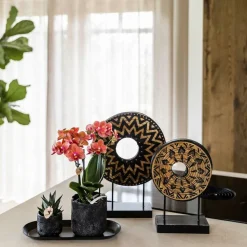 EXOTENHERZ - Kolibri company set home hub small orange phalaenopsis orchidée bolzano et succulente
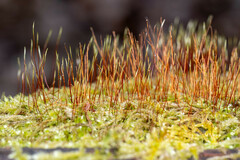 Herzogiella seligeri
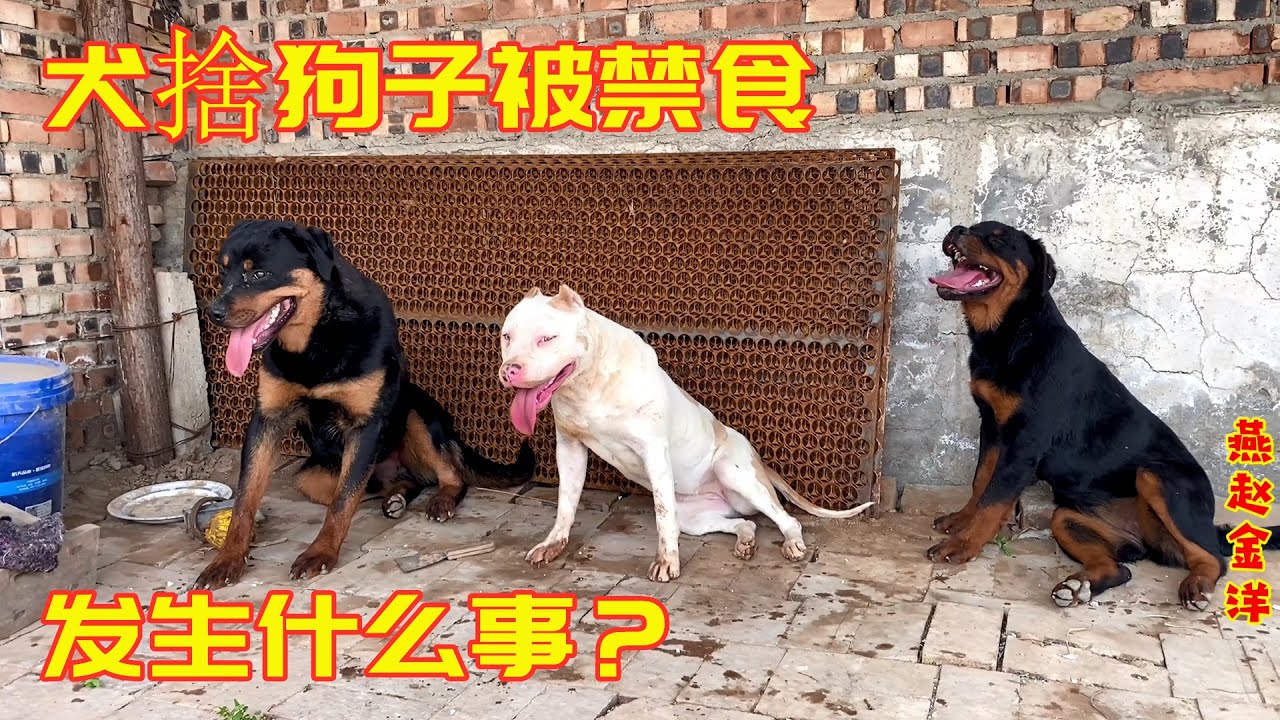 犬舍发生了啥？所有狗禁食一天，主人说出实情铲屎官也不好当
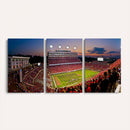 NC State Wolfpack Football Team Print - Raleigh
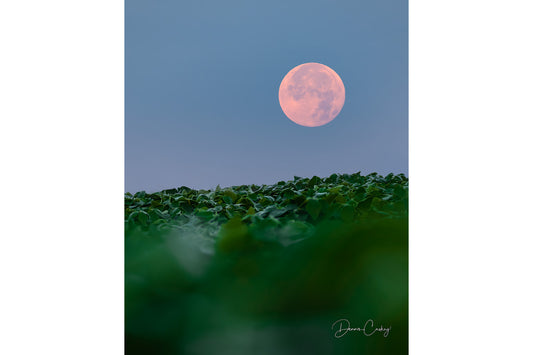 full moon over soybean field, Michigan moon photo, agricultural landscape, soybean field at dawn, Michigan stock photo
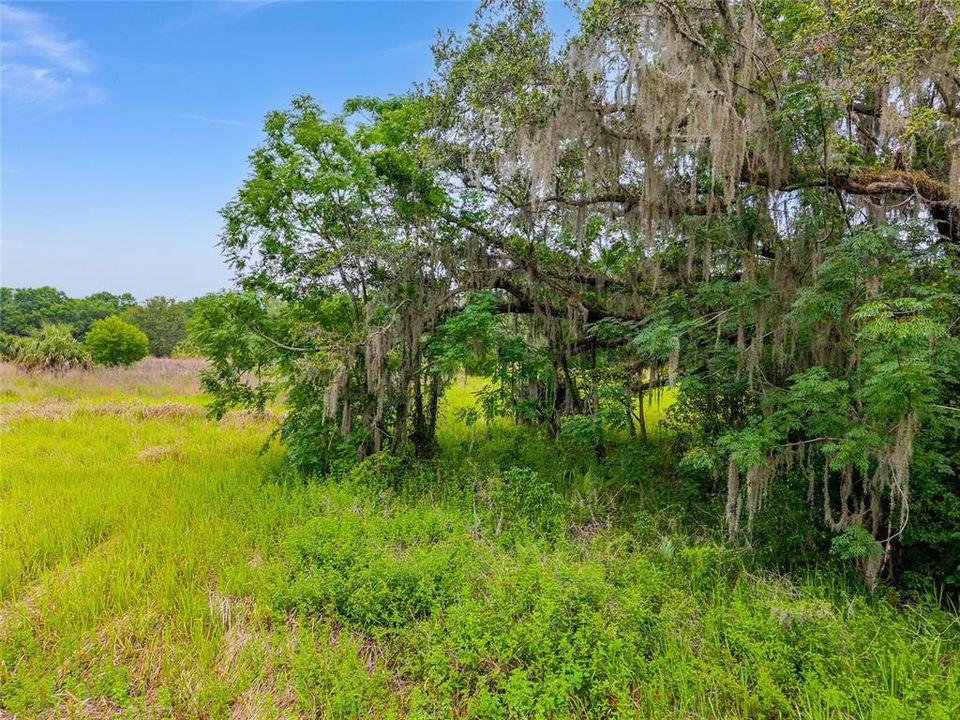 待售: $800,000 (16.23 acres)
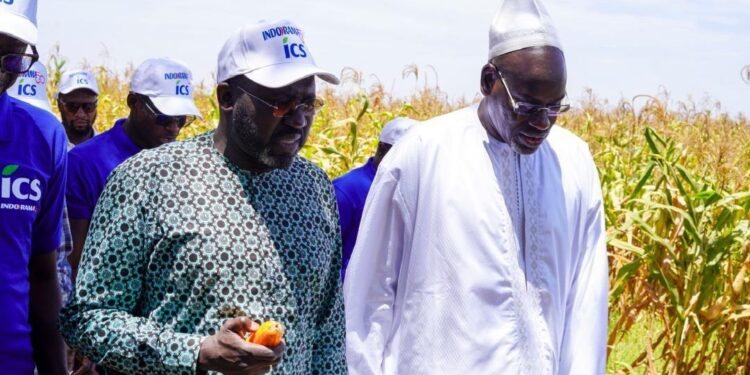 POUT : 10 hectares de semences de maïs certifiées exploités par les ICS et Minam Export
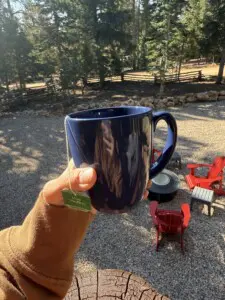 Morning Coffee viewing the pines and sunrise with a view of the Grand Staircase Pink Cliffs in the distance. 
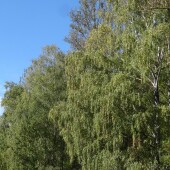 56132ebd13e72fb80573ef65190eb7a7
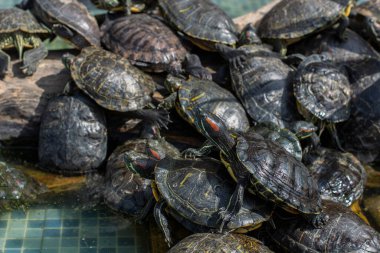 Deniz kaplumbağası havuzda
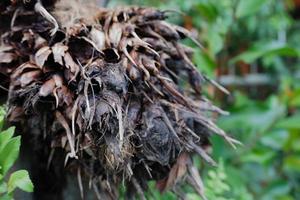 selective focus on damaged oil palm fruit and crop failure causes prices to fall photo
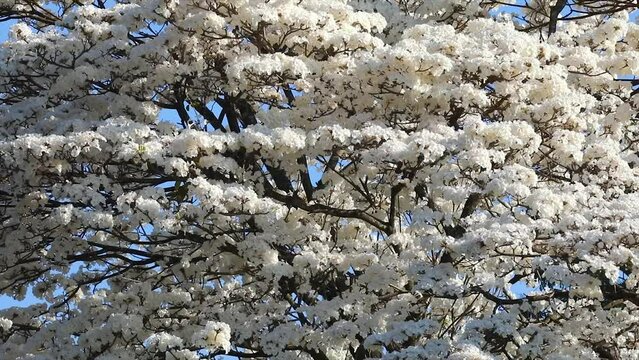 Wonderful Flowers of a white ipe tree, Tabebuia roseo-alba (Ridley) Sandwith. Known as: "Ip&ecirc;-branco", "Ip&ecirc;-branco-do-cerrado", "Ip&ecirc;-rosa" 4k video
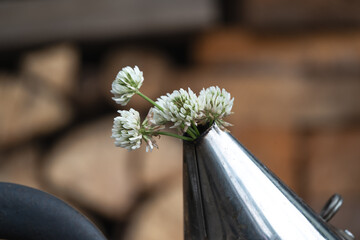 Delicate White Flowers Arranged in a Simple Metal Container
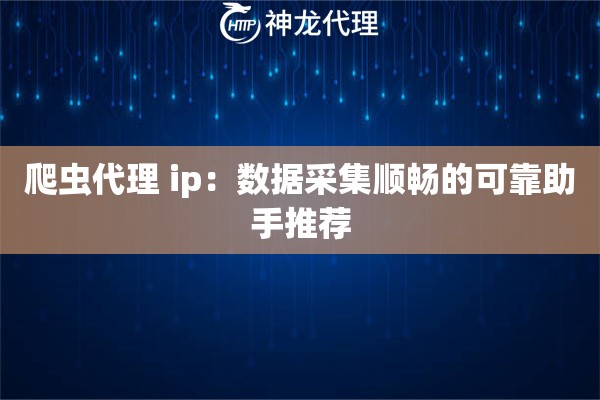 爬虫代理 ip：数据采集顺畅的可靠助手推荐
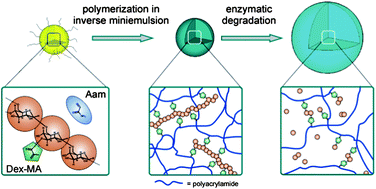 Graphical abstract: Enzymatically degradable nanogels by inverse miniemulsion copolymerization of acrylamide with dextran methacrylates as crosslinkers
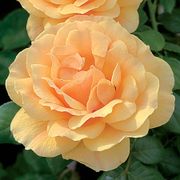 Easy Going&trade; Floribunda Rose Thumb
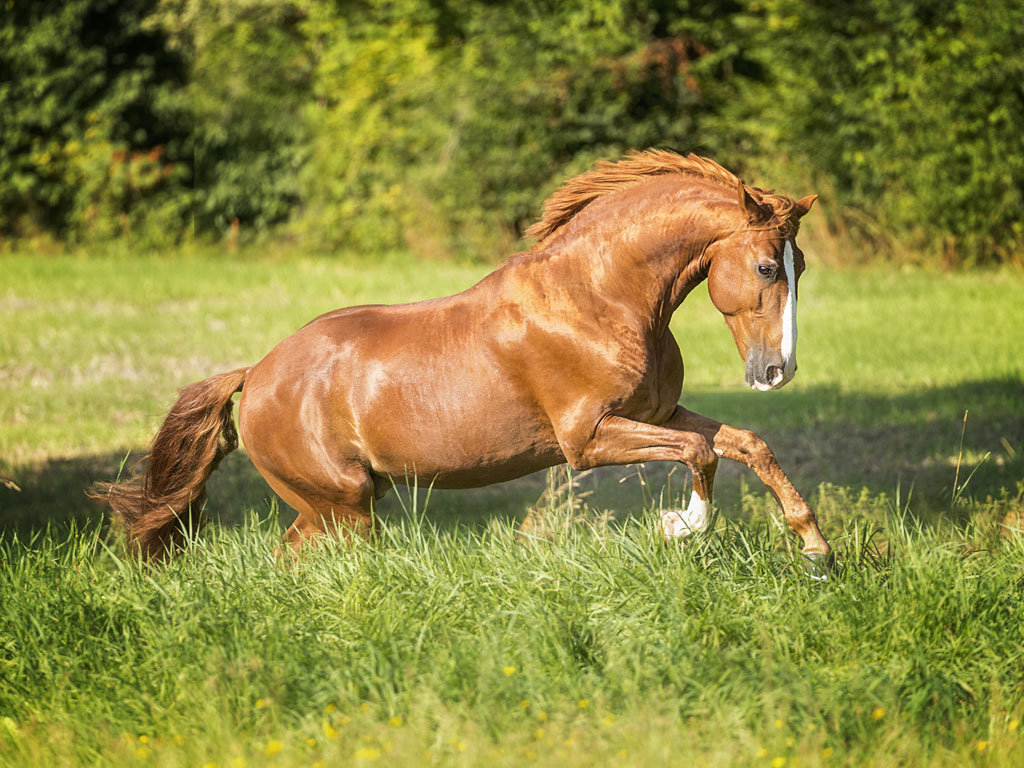 lusitano_egypsio9210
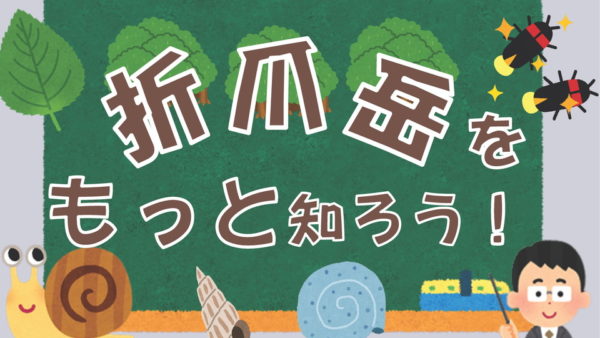 折爪岳・ヒメボタル学習講座「折爪岳をもっと知ろう！」開催のおしらせ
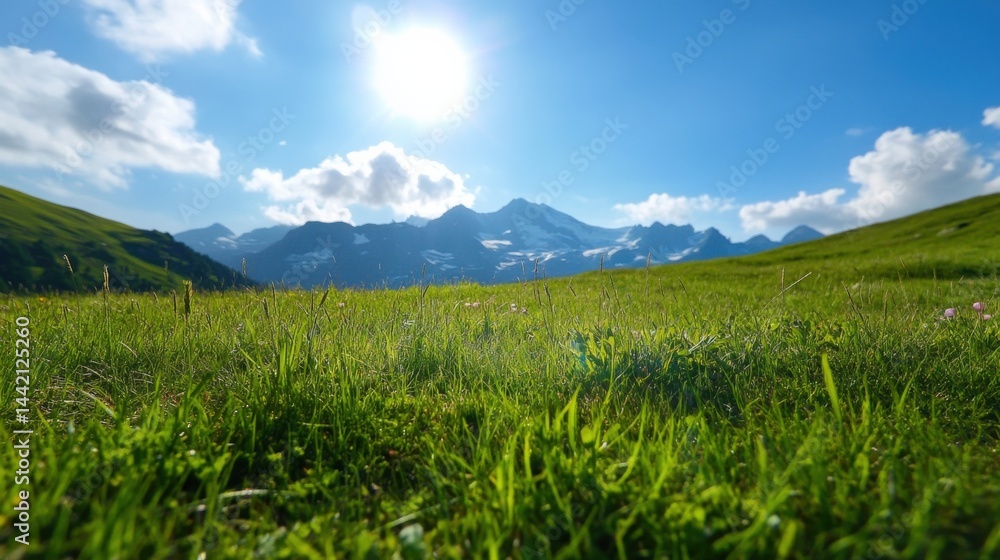 Mountains over green grassy field Mountains over green grassy field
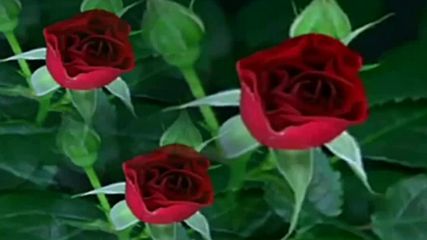 Розата-кралицата на цветята! ... ( Enrique Chia music) ... ...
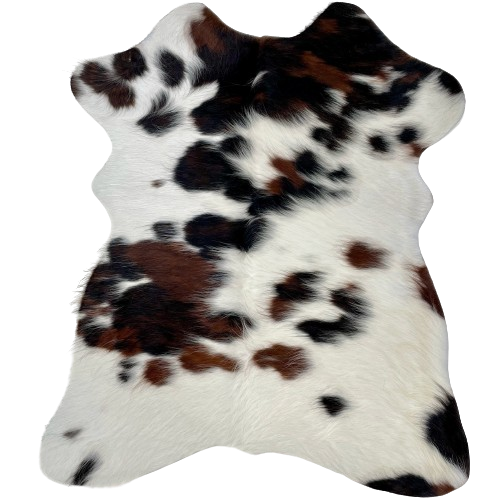 Tricolor Mini Cowhide:  white with black and dark brown spots - 2'8" x 2'3" (MINI290)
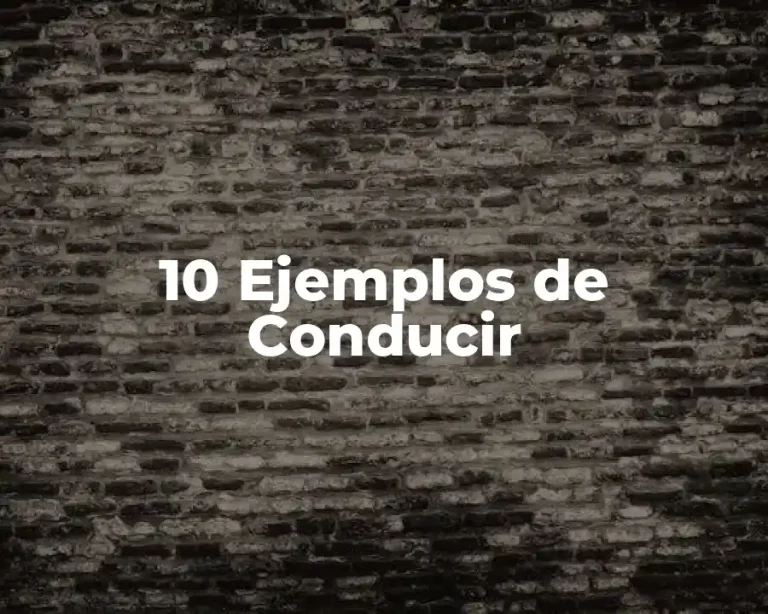10 Ejemplos de Conducir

********

TASK
A word-for-word repetition of the data above, without pictures, is the expected answer.

TASK RESPONSE
 EXOTENHERZ - Kolibri company set home hub small orange phalaenopsis orchidée bolzano et succulente
 Herzogiella seligeri
 犬舍发生了啥？所有狗禁食一天，主人说出实情铲屎官也不好当
 NC State Wolfpack Football Team Print - Raleigh
 full moon over soybean field, Michigan moon photo, agricultural landscape, soybean field at dawn, Michigan stock photo
 待售: $800,000 (16.23 acres)
 POUT : 10 hectares de semences de maïs certifiées exploités par les ICS et Minam Export
 Morning Coffee viewing the pines and sunrise with a view of the Grand Staircase Pink Cliffs in the distance. 
 56132ebd13e72fb80573ef65190eb7a7
 Deniz kaplumbağası havuzda
 selective focus on damaged oil palm fruit and crop failure causes prices to fall photo
 Wonderful Flowers of a white ipe tree, Tabebuia roseo-alba (Ridley) Sandwith. Known as: "Ip&ecirc;-branco", "Ip&ecirc;-branco-do-cerrado", "Ip&ecirc;-rosa" 4k video
 Delicate White Flowers Arranged in a Simple Metal Container
 爬虫代理 ip：数据采集顺畅的可靠助手推荐
 Graphical abstract: Enzymatically degradable nanogels by inverse miniemulsion copolymerization of acrylamide with dextran methacrylates as crosslinkers
 Easy Going&trade; Floribunda Rose Thumb
 lusitano_egypsio9210
 折爪岳・ヒメボタル学習講座「折爪岳をもっと知ろう！」開催のおしらせ
 Mountains over green grassy field Mountains over green grassy field
 Розата-кралицата на цветята! ... ( Enrique Chia music) ... ...
 Tricolor Mini Cowhide:  white with black and dark brown spots - 2'8" x 2'3" (MINI290)
10 Ejemplos de Conducir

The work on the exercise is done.